With the pictures left out, restate exactly the part below that opens with the line containing "Chinese Handmade Osmanthus" and closes with the line containing "Guarda Roupa Casal".

[Exercise input]:
☆ ☆ ☆ ☆ ☆ ☆ ☆

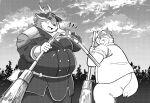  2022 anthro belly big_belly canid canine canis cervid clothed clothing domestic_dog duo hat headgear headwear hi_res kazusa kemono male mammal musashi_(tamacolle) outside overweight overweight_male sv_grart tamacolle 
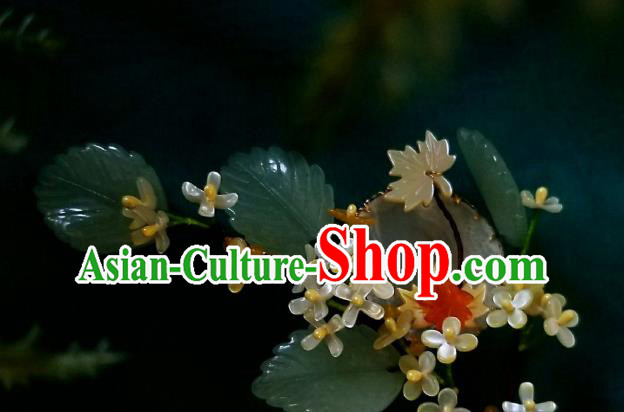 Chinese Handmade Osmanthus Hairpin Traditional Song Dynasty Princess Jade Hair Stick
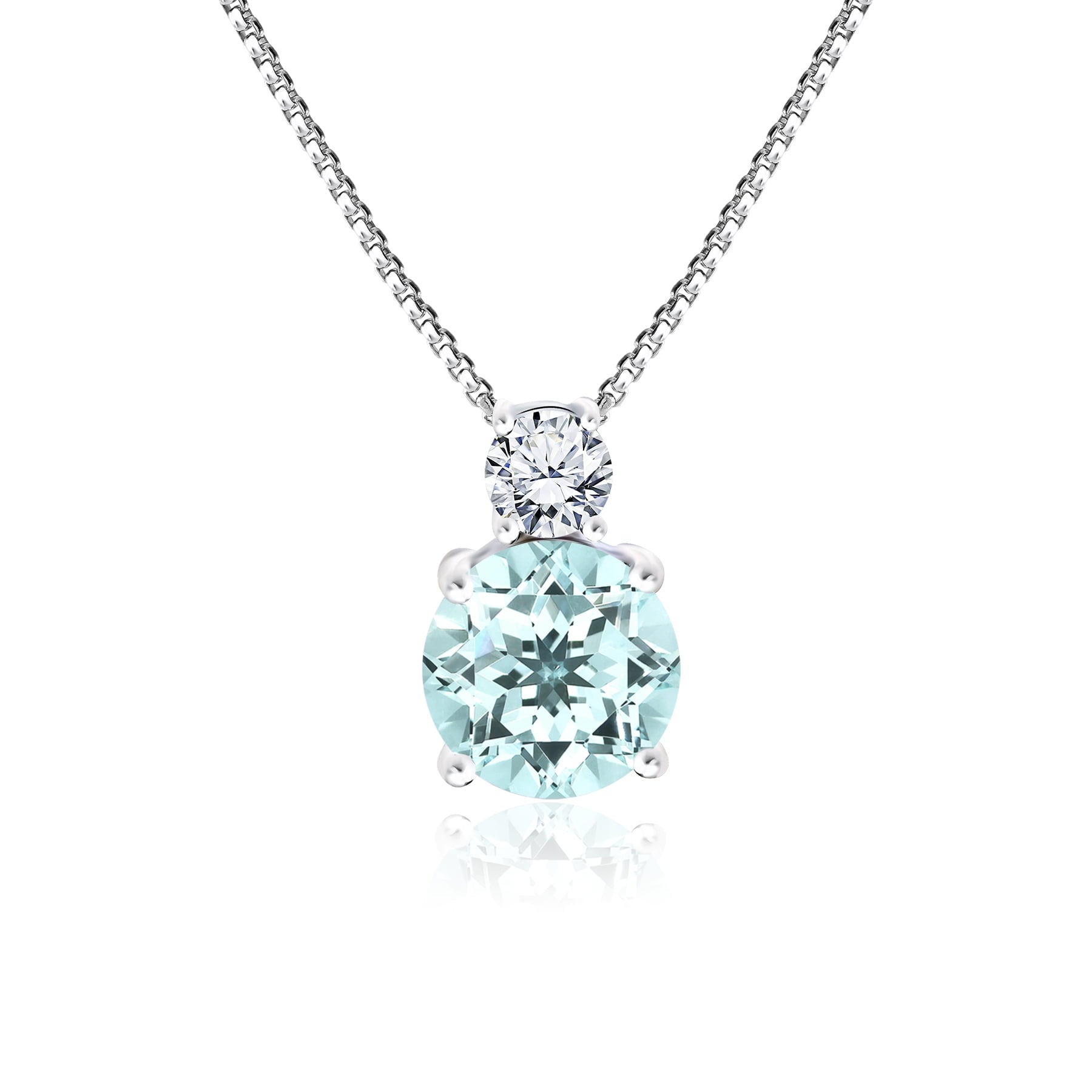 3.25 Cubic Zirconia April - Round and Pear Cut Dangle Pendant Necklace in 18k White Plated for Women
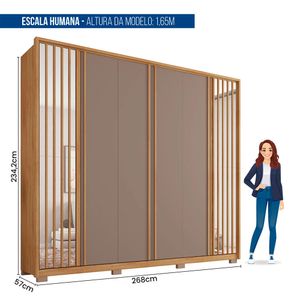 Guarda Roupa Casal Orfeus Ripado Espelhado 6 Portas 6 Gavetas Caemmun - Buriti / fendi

☆ ☆ ☆ ☆ ☆ ☆ ☆

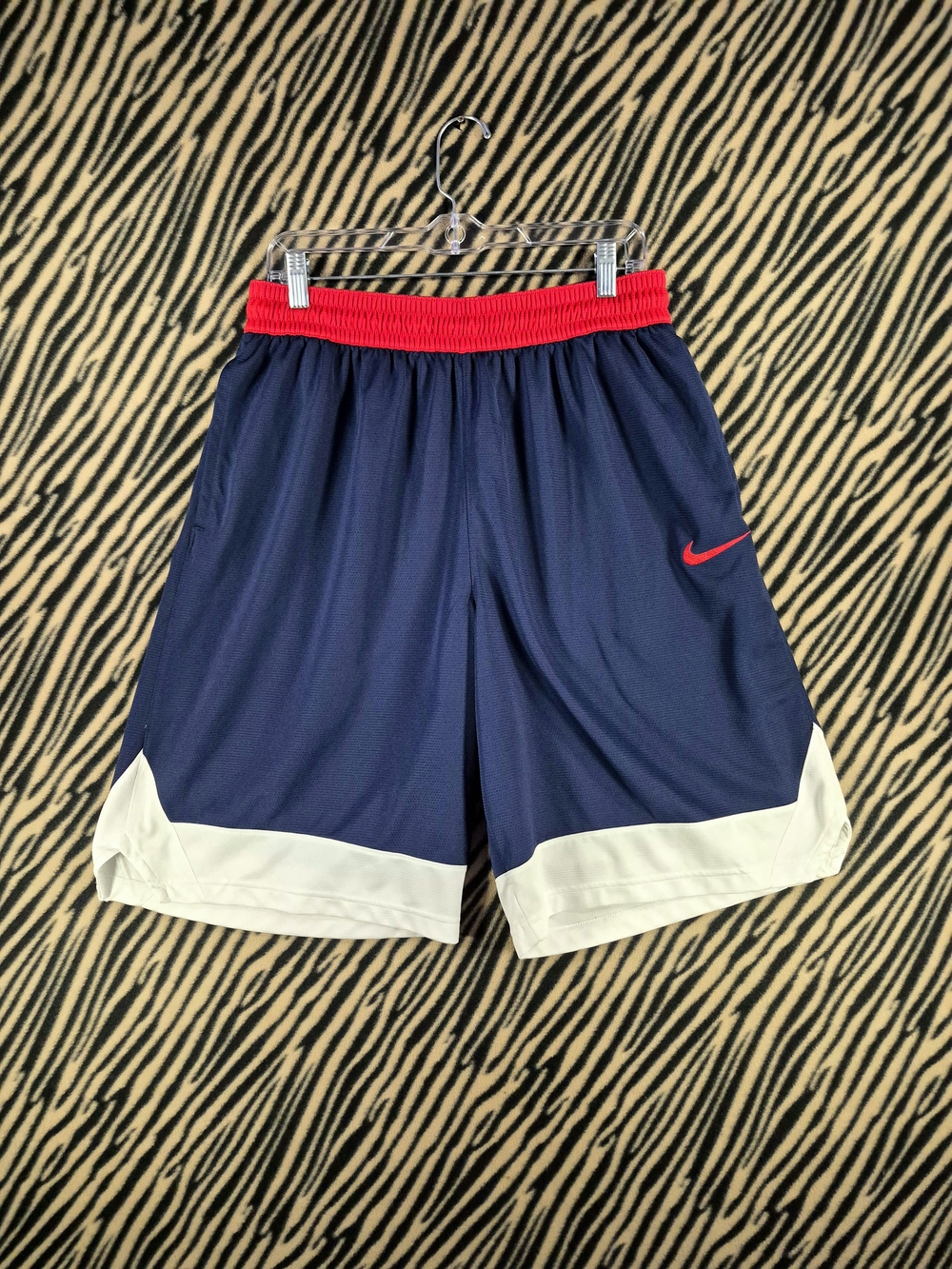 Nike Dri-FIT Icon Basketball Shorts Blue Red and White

☆ ☆ ☆ ☆ ☆ ☆ ☆

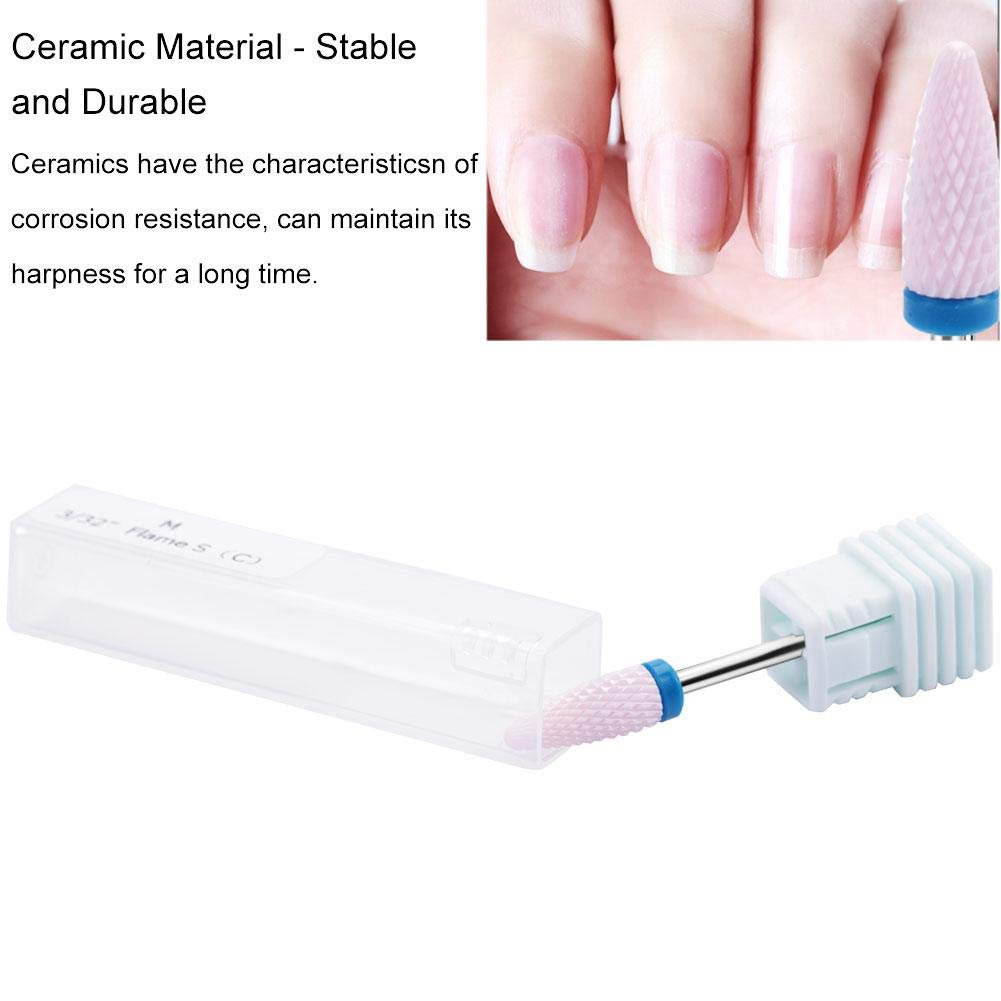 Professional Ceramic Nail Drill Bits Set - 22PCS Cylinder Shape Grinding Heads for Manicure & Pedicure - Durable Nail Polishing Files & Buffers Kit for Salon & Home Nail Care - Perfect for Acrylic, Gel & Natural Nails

☆ ☆ ☆ ☆ ☆ ☆ ☆

[Problem solution]:
 Chinese Handmade Osmanthus Hairpin Traditional Song Dynasty Princess Jade Hair Stick
 3.25 Cubic Zirconia April - Round and Pear Cut Dangle Pendant Necklace in 18k White Plated for Women
 Guarda Roupa Casal Orfeus Ripado Espelhado 6 Portas 6 Gavetas Caemmun - Buriti / fendi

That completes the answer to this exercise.